Vos photographies sont à la croisée de plusieurs chemins : d’un parti pris documentaire affirmé et assumé, elles ne semblent cependant pas exclure aussi quelques ajustements dans vos sujets. Pourquoi ce recours parfois léger, à la mise en scène ? Petit arrangement pratique avec le réel ?

La situation réelle m’importe peu. Je choisis un territoire en fonction de son potentiel à exprimer des choses universelles. C’est l’idée de paradigme. Je pars d’une enquête. Ensuite il s’agit de prendre beaucoup de distance vis à vis de la réalité. Je m’appuie sur les pouvoirs révélateurs de fictions paradigmatiques comme celles de la catastrophe ou du paradis perdu. Ce sont de scenari qui me permettent de construire des allégories qui abordent la question de notre rapport au monde. Je ne pense pas contre l’urbanisme, mais je lui recherche une extériorité radicale, voire utopique, à partir de laquelle la critique des espaces normatifs devient possible.La mise en scène est avant tout mentale. Elle s’exprime en amont des prises de vues et au moment du choix des images et de la construction de séquences. Le recours à la mise en scène pour la fabrication des images n’est pas un arrangement pratique. J’y ai très peu recours. Quand c’est le cas, c’est pour rejouer des situations que j’ai vues.

 

Pour le dire (un peu trop) schématiquement, la scénographie de votre exposition oscille entre une volonté d’art et un souci d’objectivité scientifique. Au mur, vos tirages inviteraient à une contemplation mélancolique, tandis que vos petites images, couchées sur les tables, privilégient un regard informatif, même si elles sont présentées sans légendes. Vous ne semblez pas vouloir trancher en faveur d’un registre particulier. Pourquoi ?

Si. La volonté d’art prime sur l’objectivité. Il n’y avait aucune volonté d’objectivité, rien de scientifique dans la scénographie. La vérité des images photographiques n’existe pas. Je suis soulagé que la photographie contemporaine soit libérée de la notion de vérité à laquelle elle a trop longtemps été associée. La manipulation numérique étend la palette des interventions qui étaient déjà possibles à l’origine même de la photographie. Mais pour tout le monde aujourd’hui, la photographie n’est plus associée à la vérité. On regarde des photographies comme on lit un roman, un poème ou l’on regarde un film. Toute photographie est aujourd’hui un catalyseur de fiction. Pour revenir à cette scénographie, je souhaitais faire cohabiter des échelles de lecture. Au mur les images « tableaux » qui invitaient à la contemplation. Sur la table une échelle plus intimiste, une lecture proche de celle d’un livre, et le désir d’initier des séquences.

 

Revendiquez-vous une appartenance à une famille photographique ? Laquelle ?

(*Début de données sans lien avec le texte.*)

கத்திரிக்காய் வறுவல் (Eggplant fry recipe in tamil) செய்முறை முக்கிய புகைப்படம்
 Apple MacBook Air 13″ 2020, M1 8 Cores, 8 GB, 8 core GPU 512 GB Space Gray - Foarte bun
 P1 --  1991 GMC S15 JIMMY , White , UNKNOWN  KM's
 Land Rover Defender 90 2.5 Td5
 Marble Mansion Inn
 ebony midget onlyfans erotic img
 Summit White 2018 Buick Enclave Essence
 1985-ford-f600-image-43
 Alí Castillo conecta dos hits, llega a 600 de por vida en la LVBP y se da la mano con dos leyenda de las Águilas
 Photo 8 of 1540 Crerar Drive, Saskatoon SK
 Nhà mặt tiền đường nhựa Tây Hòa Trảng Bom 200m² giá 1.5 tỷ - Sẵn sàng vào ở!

Je ne crois pas. Je m’intéresse et je regarde une grande diversité de photographies. J’apprécie les travaux qui s’appuient sur le réel mais qui dépasse le document. L’idée de « document poétique » me plaît bien.


Ce goût mélangé pour le document brut et l’expérience poétique, on la retrouve aussi dans votre blog “Silverpoetics” où vous montrez des travaux d’ artistes très diversifiés que vous affectionnez. D’où vient le nom de ce site ? Est-ce une intention militante pour une certaine pratique de la photographie dans laquelle vous vous inscrivez, aussi ?

Le nom Silverpoetics m’est venu en découvrant Waxpoetics, un magazine sur la culture des disques vinyles ! Le nom du blog n’est pas une intention militante. En revanche, dès le début, je proposais d’explorer des chemins déroutants entre réel, fiction et poésie. C’est toujours une ligne, mais depuis deux ans je présente aussi beaucoup de projet d’édition indépendants ou auto-édités. Il se passe quelque chose de stimulant dans ces formes d’éditions photographiques qui fédèrent une petite communauté internationale très active et créative.

Je ne suis pas militant à défendre une certaine pratique de la photographie, encore moins celle dans laquelle je m’inscris. J’ai mes goûts certes, mais je déteste les cloisonnements.